Guardrails, not gates
The Guardrails metaphor is useful because it teaches us about the core principles of what we want to achieve. We need something perceived as an actual barrier when hit. A guardrail along a cliffside is vastly more effective and reassuring than a painted “guideline” in the same place. We need something that is visible to everyone so that we know which way to go. Guardrails are large and often have reflectors on them. We need something that does not slow or constrain progress. Guardrails run alongside the road, not across it. You can actually continue the guardrail metaphor in a number of ways, but one of the most important is that it serves as a contrast to another approach to safety — gates.
A lot of classic process and project management approaches rely on gates between stages. Gates have their uses but are problematic when you are trying to achieve a smooth flow. Gates definitely have strength. They are visible and frequently decorated to be special, ceremonial, and impressive. They sit right across a road, so they meter and control progress. Of course, gates are designed to keep things from passing unless they have permission. The problem with that approach is that everything that wants to go through must be inspected before permission to pass is granted. That leads to waiting, traffic jams, etc. as work sits idle waiting for permission to continue through the bottleneck of the gate.
Setting up guardrails
The trick with setting up guardrails is to know where your delivery process needs them and where it does not. The metaphor provides some conceptual guidance here. For example, a long straight section of road through a wide, flat desert is probably not a high priority for a guardrail, but, per the example above, a tight turn next to a cliff face probably is. Given the variability among apps, architectures, technology stacks, businesses, and industries, you will have to do some analysis work to figure out where the equivalent to those straights and curves are within your CI/CD pipeline. To that end, we can talk about some general concepts and look at some examples from this blog series so far.
Types of CI/CD guardrails
We can group Guardrails into two broad categories: Path Markers and Problem Stoppers. Path Markers provide direction and create a clear delineation of the smoothest road toward successful change delivery. Problem Stoppers serve as safety points that ensure that if you lose control, the worst that will happen is that you stop suddenly with some wrinkled bodywork (as opposed to plunging to your death over that cliff).
In CI/CD terms, Path Markers will take the form of well-defined automation points or the handoff points between automation systems.

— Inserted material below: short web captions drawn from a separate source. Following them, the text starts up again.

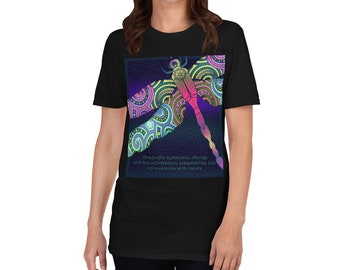 Dragonfly Symbolize Change and Transformation, Adaptability, Joy Connection With Nature Shirt, Dragonfly T- Shirt, Dragonfly Tee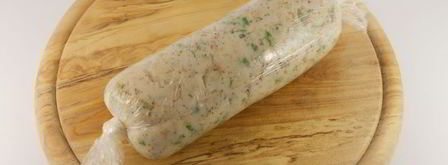 сало, перекрученное с чесноком. Шаг 7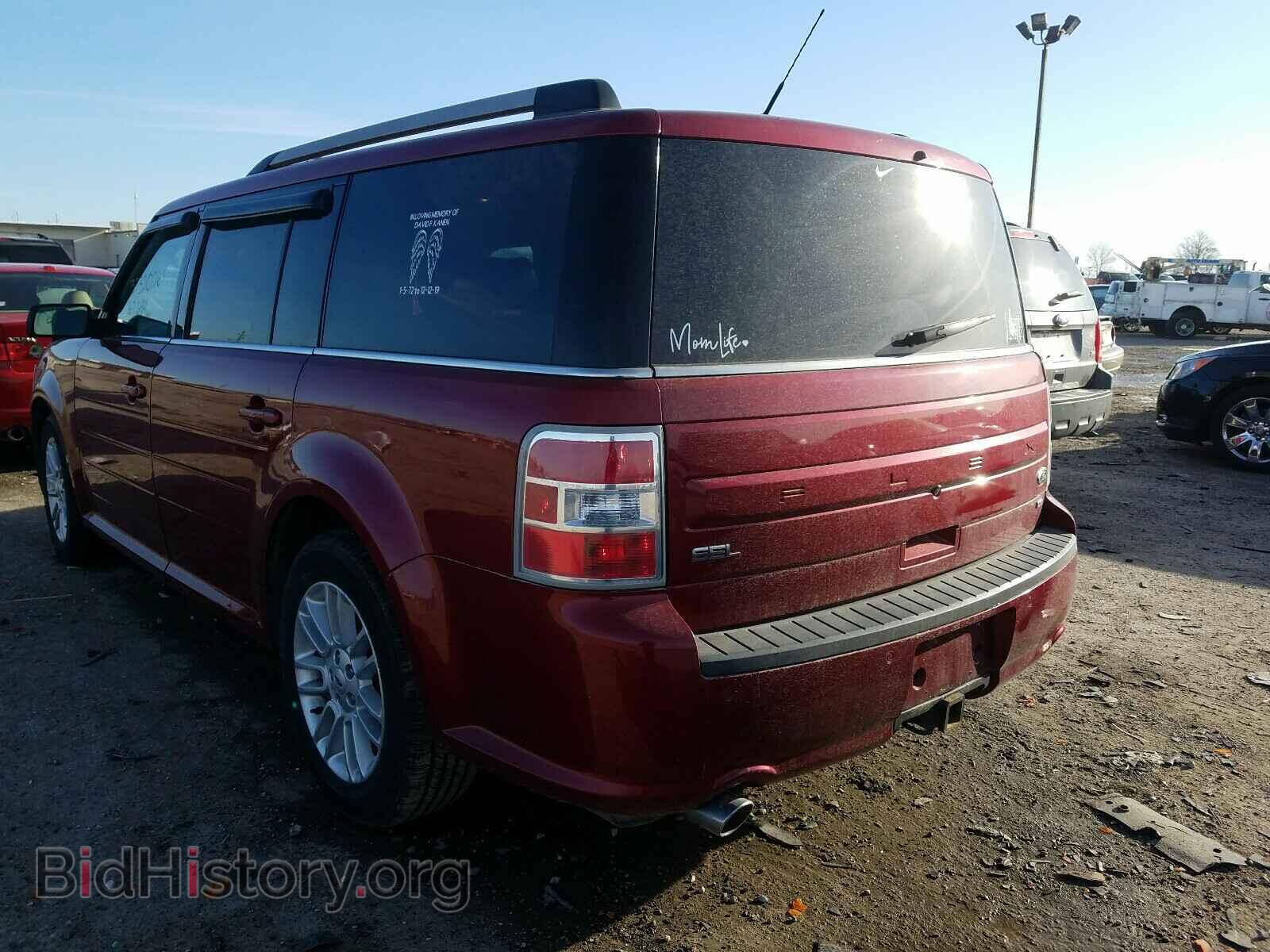 2013 FORD FLEX - VIN: 2FMHK6C80DBD09761 - Photo 3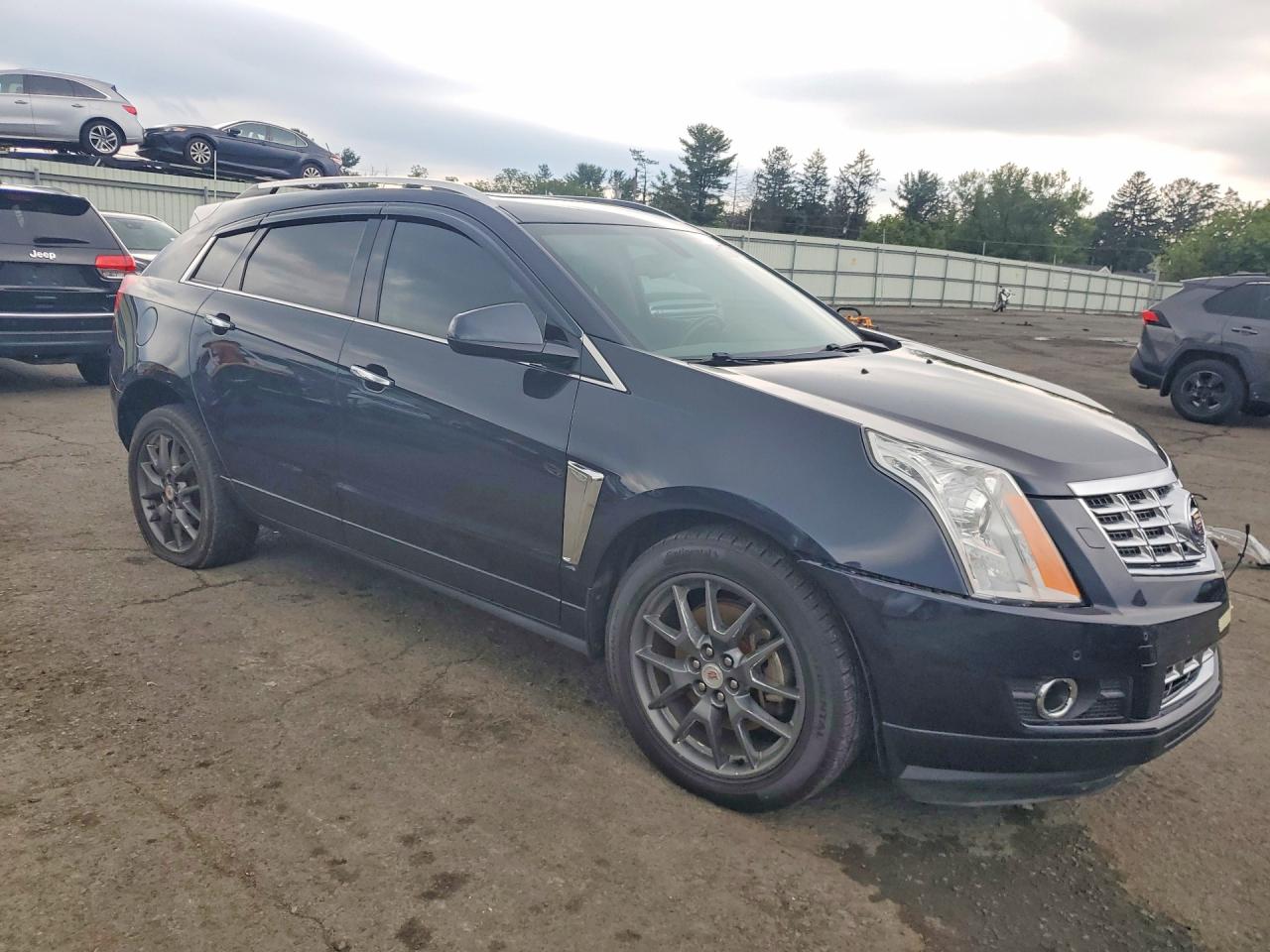 2014 CADILLAC SRX PERFORMANCE COLLECTION — снимка 4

For example, having only one source code branch that feeds the CI job that produces deployable artifacts in the rest of the pipeline. These should be clear and very simple to explain.
Examples of CI/CD Path Markers:
- If your changes are ready to be part of a batch progressing toward PRODUCTION, put them in this place.
- If you do not put your changes in this place, they will never become part of a batch.
- This is what the CI system will do with your change.
- This is how you identify the post-CI artifact that includes your change.
With a clear set of statements, it is easy to communicate tasks and expectations — both of which are bounded by a set of procedural and technological constructs. Further, if the procedural or technological constructs result in “traffic jams” or slowdowns, we know where the Path Markers are and can adjust them accordingly. Maybe we “widen the path”, raise the “speed limit”, or eliminate a “toll booth”. Regardless of the analogy, the key point is that because we know where the path is and we have structures to help people stay on the path, we can have efficient conversations about how to improve the flow.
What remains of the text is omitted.